The Royal Swedish Academy of Sciences awarded the prize to Professor Englert for "the theoretical discovery of a mechanism that contributes to our understanding of the origin of mass of subatomic particles, and which recently was confirmed through the discovery of the predicted fundamental particle, by the ATLAS and CMS experiments at CERN’s Large Hadron Collider."

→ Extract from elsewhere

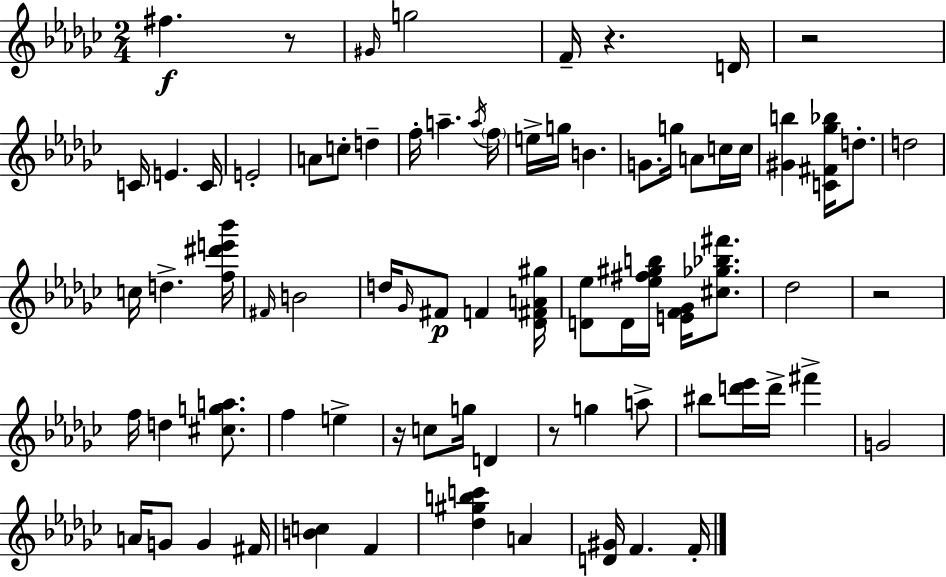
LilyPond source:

Prof. Englert, a professor emeritus at the Université Libre de Bruxelles, Belgium, has been affiliated with the Raymond and Beverly Sackler School of Physics and Astronomy since 1984, when he was invited as a Fellow of the Mortimer & Raymond Sackler Institute of Advanced Studies, and is currently a Raymond and Beverly Sackler Senior Professor by Special Appointment at the school through 2015. The Sackler Program brings leading international scientists and scholars from across the academic spectrum to research and teach at Tel Aviv University. These outstanding individuals contribute to the University's scientific and intellectual resources, to its climate of excellence, and to its global reach.
Details of Englert's work
Professor Englert was awarded the Nobel Prize in Physics 2013 jointly with Peter W. Higgs, professor emeritus at University of Edinburgh, UK, for the theory of how particles acquire mass – a cornerstone of the Standard Model of particle physics. In 1964, they proposed the theory independently of each other (Englert together with his now deceased colleague Robert Brout).
What is known as the Standard Model of particle physics describes how the world is constructed. According to the Standard Model, everything, from flowers and people to stars and planets, consists of just a few building blocks: matter particles. These particles are governed by forces mediated by force particles that make sure everything works as it should.
The entire Standard Model also rests on the existence of a special kind of particle: the Higgs particle. This particle originates from an invisible field that fills up all space. Even when the universe seems empty this field is there. Without it, nothing would not exist, because it is from contact with the field that particles acquire mass. The theory proposed by Prof. Englert and his colleague and fellow Nobel recipient Prof. Peter Higgs describes this process.
On 4 July 2012, at the CERN laboratory for particle physics, the theory was confirmed by the discovery of a Higgs particle. CERN’s particle collider, LHC, is probably the largest and the most complex machine ever constructed by humans. Two research groups of some 3,000 scientists each, ATLAS and CMS, managed to extract the Higgs particle from billions of particle collisions in the LHC.